Business Rates reform: what’s left on the table?

The Government is quietly preparing to water down its reform on the business rates system, according to the Daily Telegraph today.

Cast your minds back to November last year and the signs were already there when the Chancellor pushed back the review until the Budget next month. Some saw this as a positive sign of more in-depth analysis, but mutterings from within the business rates lobby now think the intentions were not quite so honourable.

British retailers wanted to see more frequent revaluations of property, while the Confederation of British Industry wants the annual change of the rate in the pound to be moved in line with the consumer price index (CPI), rather than the retail price index (RPI).

If the Government agreed to switched to CPI, it could save UK businesses up to £1.5bn a year. Great news for the business community but it is hardly what you would call “fiscally neutral”, a term the Government has been using at every step of the BR review process. Properties are usually revalued every five years with the next Revaluation due in 2017. More frequent revaluations would mean closer alignment of rateable values to the changing economy, however, this would lead to an increased workload for the VOA which conducts the reviews and the Government is said to be less than enamored with this proposal.

The steel industry, which was hoping to have exemptions applied to certain rateable plant and machinery, could also be disappointed. This exemption could cost the Exchequer around £2bn; money the Treasury will be loathed to give up, particularly with Osbourne missing his fiscal targets again this month.

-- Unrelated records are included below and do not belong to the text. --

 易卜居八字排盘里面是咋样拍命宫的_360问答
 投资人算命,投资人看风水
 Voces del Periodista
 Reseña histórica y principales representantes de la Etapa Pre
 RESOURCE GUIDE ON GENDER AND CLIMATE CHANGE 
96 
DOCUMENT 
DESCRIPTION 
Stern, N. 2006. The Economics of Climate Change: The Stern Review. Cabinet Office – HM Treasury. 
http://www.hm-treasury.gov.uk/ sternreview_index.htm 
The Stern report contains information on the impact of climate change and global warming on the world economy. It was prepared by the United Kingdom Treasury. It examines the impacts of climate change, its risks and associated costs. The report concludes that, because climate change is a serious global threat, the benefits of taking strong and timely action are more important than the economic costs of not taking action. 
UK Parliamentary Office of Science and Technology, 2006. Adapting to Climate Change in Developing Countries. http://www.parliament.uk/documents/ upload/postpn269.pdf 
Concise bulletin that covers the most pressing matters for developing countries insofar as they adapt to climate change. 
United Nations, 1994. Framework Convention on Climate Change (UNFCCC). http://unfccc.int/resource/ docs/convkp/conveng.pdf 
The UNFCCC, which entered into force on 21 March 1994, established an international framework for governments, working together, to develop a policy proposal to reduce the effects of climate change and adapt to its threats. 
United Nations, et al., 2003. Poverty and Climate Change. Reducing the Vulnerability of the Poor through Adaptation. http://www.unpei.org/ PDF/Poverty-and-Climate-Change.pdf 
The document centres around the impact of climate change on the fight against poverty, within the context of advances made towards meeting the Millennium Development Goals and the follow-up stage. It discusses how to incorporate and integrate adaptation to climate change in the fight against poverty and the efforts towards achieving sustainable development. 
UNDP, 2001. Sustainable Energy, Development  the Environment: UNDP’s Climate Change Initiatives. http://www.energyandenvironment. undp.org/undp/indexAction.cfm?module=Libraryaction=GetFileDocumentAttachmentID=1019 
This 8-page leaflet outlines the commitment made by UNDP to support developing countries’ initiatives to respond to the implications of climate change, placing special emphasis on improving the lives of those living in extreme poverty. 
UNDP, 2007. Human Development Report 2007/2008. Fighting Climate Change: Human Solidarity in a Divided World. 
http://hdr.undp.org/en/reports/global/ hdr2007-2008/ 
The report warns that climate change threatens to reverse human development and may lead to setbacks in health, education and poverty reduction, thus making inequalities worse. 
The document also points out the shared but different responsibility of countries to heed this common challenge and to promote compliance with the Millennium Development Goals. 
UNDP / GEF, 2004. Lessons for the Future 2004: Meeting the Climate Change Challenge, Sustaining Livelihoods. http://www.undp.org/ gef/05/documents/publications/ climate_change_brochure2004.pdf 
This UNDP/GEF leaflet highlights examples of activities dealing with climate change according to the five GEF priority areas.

So what is left on the table for the Government? My suspicion is that they think the move to devolve business rates to the Local Authorities will neatly knock the need for any other proposals on the head. After all, it’s not going to be their problem in the future and they could claim they need to let the 2017 rating list bed in before they introduce any sweeping changes that could hamper LAs’ ability to manage their own future BR finances.

All eyes will be on the Budget next month, but a radical business rates overhaul? Nah don’t think so.